“Rape culture does not exist.” I have heard this statement repeated hundreds of times. Even when cases regarding rape, such as the Steubenville case, become entangled in a haze of media coverage and scrutiny, society as a whole refuses to acknowledge this abhorrent phenomenon as a problem.
Fear surrounds the phrase “rape culture.” We fear that using that term means every man is under attack or that every man is a rapist. This isn’t true. Rape culture doesn’t refer to the frequency that sexual attacks occur in this nation, though the numbers are startlingly high, much of it refers to the aftermath and response.

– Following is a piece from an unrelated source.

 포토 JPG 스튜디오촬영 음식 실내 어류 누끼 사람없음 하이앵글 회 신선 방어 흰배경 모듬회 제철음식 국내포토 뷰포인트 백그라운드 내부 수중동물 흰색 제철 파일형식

On Jan. 8, 2012, Melinda Coleman opened her front door in Maryville, Mo. after hearing a feeble knocking in the early hours of the morning. Coleman found her 14-year-old daughter, Daisy, bloodied, incoherent and half naked in 22 degree weather. Daisy had been brutally raped and left for dead on her own front porch by a 17-year-old male at a party she had snuck out to attend, hoping to fit in.
It was a nightmare with no answer. Where does a mother go when the community blames her daughter for being attacked? Yes, she went to a party. Yes, she consumed alcohol. That’s not a green light for assault. There is no argument in the world that justifies another human being taken advantage of someone, inebriated or not.
So what happened to the rapist? All charges were dropped under the pretense that there wasn’t sufficient evidence. The survivor was harassed for months following the attack. The Coleman family left Maryville after pressure and scrutiny from the community.
The Los Angeles Times reported that the accused rapist had connections in the small town, allowing him to elude charges. This blatant injustice would have been the end of it, had the online “hacktivist” group Anonymous not picked the story a few months ago. #Justice4Daisy began trending on Twitter, alongside hundreds of phone calls and emails with demands for retribution.
It’s entirely possible. However, if Daisy stayed silent and tried to heal the scars of her attack without the assistance of the criminal justice system, her voice would merely have been one of many. Thousands of sexual assault cases are not brought to trial in the United States.
Our culture is far too comfortable with the survivor blaming and teaching women “not to drink, not to tempt” rather than teaching men “not to rape.” Men don’t have an innate, uncontrollable desire to sexually harm, and to suggest so hurts the image of men. Rape culture discredits men as much as it hurts women.
A society cannot be evaluated as being progressive and an example for others when it takes an online grassroots movement to get a rape case to trial. So long as we turn a blind eye, we will remain a culture that seeks to excuse rapists, rather than a culture that seeks to end rape.